For the material that follows, return exactly the lines from the one with "Wellington Water Cracker: Savory, Light" through the one with "In JMS always", both ends included.

Segment Open

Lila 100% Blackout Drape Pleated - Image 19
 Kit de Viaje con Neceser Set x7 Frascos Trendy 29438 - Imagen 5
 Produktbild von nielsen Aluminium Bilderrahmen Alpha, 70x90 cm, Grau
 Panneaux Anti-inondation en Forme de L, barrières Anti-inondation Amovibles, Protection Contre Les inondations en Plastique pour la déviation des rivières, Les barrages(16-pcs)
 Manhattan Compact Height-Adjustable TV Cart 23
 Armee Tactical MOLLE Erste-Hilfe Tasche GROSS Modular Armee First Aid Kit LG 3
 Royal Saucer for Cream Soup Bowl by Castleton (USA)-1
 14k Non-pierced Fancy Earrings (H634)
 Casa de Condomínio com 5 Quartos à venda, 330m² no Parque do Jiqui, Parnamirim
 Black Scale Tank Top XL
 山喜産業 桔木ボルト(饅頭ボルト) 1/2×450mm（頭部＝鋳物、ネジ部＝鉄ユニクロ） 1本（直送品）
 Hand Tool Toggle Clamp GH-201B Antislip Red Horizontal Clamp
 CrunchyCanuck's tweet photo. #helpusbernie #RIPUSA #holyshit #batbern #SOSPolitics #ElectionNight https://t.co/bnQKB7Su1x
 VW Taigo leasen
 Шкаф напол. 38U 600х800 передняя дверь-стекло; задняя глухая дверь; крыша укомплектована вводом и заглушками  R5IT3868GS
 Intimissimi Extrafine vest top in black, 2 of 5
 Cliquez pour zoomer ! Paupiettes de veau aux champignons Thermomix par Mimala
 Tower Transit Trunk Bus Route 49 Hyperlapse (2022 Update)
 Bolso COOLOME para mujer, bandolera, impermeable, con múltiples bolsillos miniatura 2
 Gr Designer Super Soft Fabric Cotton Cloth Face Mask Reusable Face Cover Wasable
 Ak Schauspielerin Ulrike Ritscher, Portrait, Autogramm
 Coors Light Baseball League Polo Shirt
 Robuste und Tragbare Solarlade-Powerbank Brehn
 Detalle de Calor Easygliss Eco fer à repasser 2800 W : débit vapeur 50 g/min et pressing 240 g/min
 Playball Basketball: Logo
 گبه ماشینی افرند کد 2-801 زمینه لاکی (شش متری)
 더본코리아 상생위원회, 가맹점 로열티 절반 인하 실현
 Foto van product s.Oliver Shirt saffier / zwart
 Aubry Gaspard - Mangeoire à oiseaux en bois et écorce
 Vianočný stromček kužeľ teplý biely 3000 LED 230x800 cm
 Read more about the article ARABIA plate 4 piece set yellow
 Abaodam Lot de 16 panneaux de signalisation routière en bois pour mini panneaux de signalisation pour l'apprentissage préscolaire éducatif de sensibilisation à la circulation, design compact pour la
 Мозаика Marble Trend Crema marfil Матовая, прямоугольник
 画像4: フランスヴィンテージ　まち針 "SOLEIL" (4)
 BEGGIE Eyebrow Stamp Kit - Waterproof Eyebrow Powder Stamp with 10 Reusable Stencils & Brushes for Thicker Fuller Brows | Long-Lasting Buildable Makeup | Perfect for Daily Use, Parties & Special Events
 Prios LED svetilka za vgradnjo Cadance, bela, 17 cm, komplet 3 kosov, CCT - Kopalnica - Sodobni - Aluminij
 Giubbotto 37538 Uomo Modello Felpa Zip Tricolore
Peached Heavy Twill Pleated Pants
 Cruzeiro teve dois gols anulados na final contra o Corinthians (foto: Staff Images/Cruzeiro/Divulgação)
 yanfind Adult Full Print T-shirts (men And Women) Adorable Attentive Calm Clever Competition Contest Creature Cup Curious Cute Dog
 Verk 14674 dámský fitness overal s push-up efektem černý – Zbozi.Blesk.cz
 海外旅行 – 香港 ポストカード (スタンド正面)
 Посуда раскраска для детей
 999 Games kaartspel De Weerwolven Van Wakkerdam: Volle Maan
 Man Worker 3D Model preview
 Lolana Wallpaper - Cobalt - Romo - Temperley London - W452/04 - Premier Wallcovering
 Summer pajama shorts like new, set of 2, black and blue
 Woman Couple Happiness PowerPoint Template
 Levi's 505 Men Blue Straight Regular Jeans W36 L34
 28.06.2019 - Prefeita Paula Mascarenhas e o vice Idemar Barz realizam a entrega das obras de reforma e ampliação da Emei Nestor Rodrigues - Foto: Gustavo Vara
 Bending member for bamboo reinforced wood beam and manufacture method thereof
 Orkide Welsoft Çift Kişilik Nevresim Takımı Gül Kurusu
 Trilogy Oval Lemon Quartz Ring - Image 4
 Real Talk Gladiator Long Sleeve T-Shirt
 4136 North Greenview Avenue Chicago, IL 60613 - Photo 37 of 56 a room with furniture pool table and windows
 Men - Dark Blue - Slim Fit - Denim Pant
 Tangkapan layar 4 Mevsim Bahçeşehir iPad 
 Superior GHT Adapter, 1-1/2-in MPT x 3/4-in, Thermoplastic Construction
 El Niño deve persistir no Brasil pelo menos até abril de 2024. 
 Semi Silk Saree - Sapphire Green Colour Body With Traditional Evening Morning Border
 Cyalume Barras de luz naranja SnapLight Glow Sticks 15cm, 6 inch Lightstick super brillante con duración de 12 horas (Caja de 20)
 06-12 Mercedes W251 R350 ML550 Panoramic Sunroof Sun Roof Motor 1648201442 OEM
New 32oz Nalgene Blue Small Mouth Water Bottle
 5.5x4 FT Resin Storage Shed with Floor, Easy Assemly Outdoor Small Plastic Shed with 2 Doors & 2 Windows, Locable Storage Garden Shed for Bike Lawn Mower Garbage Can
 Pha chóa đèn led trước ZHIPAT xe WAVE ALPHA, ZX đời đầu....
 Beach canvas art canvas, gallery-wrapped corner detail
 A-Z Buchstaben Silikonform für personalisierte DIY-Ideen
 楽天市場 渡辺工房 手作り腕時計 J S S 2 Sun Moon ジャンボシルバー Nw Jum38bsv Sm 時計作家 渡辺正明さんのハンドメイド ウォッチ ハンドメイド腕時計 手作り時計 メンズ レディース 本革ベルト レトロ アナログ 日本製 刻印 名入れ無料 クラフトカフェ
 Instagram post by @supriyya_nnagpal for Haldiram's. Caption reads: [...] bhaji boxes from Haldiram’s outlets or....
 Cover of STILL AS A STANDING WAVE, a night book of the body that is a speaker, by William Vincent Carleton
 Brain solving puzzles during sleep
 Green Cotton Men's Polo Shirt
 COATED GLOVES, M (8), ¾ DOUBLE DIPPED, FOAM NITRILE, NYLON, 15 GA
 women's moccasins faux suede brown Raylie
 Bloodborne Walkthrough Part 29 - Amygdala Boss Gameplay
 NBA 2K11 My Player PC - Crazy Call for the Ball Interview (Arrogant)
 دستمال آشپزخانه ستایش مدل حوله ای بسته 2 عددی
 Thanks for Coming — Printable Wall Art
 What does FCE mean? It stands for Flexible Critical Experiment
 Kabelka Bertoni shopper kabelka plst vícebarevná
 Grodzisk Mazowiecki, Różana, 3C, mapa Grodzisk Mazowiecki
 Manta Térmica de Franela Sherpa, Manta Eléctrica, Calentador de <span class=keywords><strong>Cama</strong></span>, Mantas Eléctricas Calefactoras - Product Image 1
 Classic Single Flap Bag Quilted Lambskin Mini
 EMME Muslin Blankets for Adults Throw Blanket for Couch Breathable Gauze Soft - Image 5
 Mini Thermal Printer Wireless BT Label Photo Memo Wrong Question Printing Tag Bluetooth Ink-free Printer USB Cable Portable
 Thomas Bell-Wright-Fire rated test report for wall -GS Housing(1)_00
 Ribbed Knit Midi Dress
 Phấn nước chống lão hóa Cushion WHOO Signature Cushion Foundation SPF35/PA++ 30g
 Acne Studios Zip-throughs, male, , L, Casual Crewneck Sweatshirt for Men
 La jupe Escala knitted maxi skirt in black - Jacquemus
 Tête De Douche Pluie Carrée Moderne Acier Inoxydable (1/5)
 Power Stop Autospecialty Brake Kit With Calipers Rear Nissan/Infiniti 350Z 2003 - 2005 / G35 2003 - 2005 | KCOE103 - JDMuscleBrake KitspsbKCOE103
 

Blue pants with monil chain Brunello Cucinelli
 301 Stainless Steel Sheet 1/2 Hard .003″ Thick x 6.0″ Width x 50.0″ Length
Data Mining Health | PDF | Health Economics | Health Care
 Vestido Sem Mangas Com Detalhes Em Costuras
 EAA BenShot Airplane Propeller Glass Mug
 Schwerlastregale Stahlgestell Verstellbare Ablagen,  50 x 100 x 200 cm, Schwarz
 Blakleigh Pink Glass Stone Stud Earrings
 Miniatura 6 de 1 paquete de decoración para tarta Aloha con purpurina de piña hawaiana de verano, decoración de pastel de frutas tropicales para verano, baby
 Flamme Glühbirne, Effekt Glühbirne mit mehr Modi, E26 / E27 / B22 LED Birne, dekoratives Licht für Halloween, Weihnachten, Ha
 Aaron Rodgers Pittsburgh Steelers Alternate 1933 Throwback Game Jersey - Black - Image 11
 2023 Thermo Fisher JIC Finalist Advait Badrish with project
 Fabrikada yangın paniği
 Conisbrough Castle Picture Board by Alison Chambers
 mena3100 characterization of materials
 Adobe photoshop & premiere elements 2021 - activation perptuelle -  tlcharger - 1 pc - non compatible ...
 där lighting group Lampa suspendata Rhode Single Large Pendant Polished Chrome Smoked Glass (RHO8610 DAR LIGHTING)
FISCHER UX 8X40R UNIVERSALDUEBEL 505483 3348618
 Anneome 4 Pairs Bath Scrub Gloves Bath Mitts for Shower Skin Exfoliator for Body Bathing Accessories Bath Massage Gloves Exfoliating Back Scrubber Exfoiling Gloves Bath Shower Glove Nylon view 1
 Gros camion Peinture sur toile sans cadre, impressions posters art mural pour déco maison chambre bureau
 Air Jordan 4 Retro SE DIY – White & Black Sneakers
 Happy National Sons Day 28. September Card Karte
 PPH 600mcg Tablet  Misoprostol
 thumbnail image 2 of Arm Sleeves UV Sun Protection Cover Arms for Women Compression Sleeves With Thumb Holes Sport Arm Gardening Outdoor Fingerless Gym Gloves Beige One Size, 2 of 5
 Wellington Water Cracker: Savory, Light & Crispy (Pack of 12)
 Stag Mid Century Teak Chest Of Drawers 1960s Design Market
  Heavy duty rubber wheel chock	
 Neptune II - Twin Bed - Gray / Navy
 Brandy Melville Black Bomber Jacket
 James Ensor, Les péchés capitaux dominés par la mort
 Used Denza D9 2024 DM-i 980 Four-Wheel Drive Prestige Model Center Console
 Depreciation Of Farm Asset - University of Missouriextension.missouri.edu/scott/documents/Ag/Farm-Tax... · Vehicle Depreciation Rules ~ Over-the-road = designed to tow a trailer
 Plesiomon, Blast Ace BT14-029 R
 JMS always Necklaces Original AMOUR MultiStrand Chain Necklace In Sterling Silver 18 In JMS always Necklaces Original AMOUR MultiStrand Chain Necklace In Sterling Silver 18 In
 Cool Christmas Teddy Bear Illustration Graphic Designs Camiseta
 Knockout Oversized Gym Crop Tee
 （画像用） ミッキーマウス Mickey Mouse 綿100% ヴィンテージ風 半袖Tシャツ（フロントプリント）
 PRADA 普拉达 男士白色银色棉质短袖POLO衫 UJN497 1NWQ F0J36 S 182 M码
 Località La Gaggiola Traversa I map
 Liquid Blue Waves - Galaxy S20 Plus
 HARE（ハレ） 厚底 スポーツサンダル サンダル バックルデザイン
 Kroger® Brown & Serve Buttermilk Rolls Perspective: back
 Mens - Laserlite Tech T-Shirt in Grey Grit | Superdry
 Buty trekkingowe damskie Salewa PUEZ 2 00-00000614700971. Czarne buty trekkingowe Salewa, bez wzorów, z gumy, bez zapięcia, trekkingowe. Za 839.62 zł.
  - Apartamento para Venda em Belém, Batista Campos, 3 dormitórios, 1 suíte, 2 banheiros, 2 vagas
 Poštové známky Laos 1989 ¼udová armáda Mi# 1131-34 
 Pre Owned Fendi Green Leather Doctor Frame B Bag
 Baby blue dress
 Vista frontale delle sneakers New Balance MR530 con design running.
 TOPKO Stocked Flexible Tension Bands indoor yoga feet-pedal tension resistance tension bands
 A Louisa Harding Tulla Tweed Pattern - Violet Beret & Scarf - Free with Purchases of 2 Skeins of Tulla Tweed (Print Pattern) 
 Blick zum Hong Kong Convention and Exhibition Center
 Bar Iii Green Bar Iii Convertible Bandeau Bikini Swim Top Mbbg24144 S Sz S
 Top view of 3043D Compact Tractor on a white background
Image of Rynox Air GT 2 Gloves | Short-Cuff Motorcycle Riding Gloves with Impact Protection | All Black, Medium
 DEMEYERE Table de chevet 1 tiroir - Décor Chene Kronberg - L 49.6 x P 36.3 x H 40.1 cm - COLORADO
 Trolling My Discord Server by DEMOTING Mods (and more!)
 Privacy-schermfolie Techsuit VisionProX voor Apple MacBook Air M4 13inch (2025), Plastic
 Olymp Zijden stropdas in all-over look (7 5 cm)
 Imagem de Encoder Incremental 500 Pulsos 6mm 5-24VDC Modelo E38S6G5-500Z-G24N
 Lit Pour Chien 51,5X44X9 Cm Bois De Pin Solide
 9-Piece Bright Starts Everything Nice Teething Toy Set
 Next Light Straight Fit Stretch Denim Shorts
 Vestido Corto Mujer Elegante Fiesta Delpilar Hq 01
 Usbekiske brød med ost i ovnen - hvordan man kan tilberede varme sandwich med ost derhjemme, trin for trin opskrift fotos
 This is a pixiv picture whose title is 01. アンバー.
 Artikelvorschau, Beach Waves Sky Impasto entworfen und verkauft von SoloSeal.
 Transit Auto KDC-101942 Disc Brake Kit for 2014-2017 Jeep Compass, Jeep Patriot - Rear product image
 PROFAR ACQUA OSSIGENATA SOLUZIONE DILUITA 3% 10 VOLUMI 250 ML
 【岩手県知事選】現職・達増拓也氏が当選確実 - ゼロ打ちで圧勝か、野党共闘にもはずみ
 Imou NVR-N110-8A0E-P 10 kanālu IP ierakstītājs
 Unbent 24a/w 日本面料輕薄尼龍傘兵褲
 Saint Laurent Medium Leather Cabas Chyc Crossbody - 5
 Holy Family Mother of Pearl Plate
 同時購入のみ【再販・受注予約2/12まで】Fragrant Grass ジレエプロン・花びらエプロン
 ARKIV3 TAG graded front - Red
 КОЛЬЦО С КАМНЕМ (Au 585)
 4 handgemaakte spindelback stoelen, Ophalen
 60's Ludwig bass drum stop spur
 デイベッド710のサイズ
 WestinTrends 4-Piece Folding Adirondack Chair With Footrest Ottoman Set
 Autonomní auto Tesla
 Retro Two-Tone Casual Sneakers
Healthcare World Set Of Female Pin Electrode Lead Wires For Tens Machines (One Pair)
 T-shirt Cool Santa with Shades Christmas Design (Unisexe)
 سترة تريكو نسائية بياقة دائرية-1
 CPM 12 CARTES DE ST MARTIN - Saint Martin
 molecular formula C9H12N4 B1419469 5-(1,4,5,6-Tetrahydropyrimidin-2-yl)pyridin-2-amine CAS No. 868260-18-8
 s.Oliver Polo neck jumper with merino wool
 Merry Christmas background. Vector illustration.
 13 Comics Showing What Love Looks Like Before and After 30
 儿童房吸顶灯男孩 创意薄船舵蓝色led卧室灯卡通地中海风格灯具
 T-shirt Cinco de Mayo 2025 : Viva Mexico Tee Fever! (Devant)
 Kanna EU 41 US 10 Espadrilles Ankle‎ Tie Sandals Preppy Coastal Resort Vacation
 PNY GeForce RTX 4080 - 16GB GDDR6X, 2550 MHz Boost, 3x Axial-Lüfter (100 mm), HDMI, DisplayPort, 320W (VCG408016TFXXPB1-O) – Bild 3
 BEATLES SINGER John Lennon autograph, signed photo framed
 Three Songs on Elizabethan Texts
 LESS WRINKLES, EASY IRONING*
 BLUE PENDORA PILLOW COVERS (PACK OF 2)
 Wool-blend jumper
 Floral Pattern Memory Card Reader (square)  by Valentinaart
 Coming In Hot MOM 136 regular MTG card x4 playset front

Segment Closed

# Result of this task
 Wellington Water Cracker: Savory, Light & Crispy (Pack of 12)
 Stag Mid Century Teak Chest Of Drawers 1960s Design Market
  Heavy duty rubber wheel chock	
 Neptune II - Twin Bed - Gray / Navy
 Brandy Melville Black Bomber Jacket
 James Ensor, Les péchés capitaux dominés par la mort
 Used Denza D9 2024 DM-i 980 Four-Wheel Drive Prestige Model Center Console
 Depreciation Of Farm Asset - University of Missouriextension.missouri.edu/scott/documents/Ag/Farm-Tax... · Vehicle Depreciation Rules ~ Over-the-road = designed to tow a trailer
 Plesiomon, Blast Ace BT14-029 R
 JMS always Necklaces Original AMOUR MultiStrand Chain Necklace In Sterling Silver 18 In JMS always Necklaces Original AMOUR MultiStrand Chain Necklace In Sterling Silver 18 In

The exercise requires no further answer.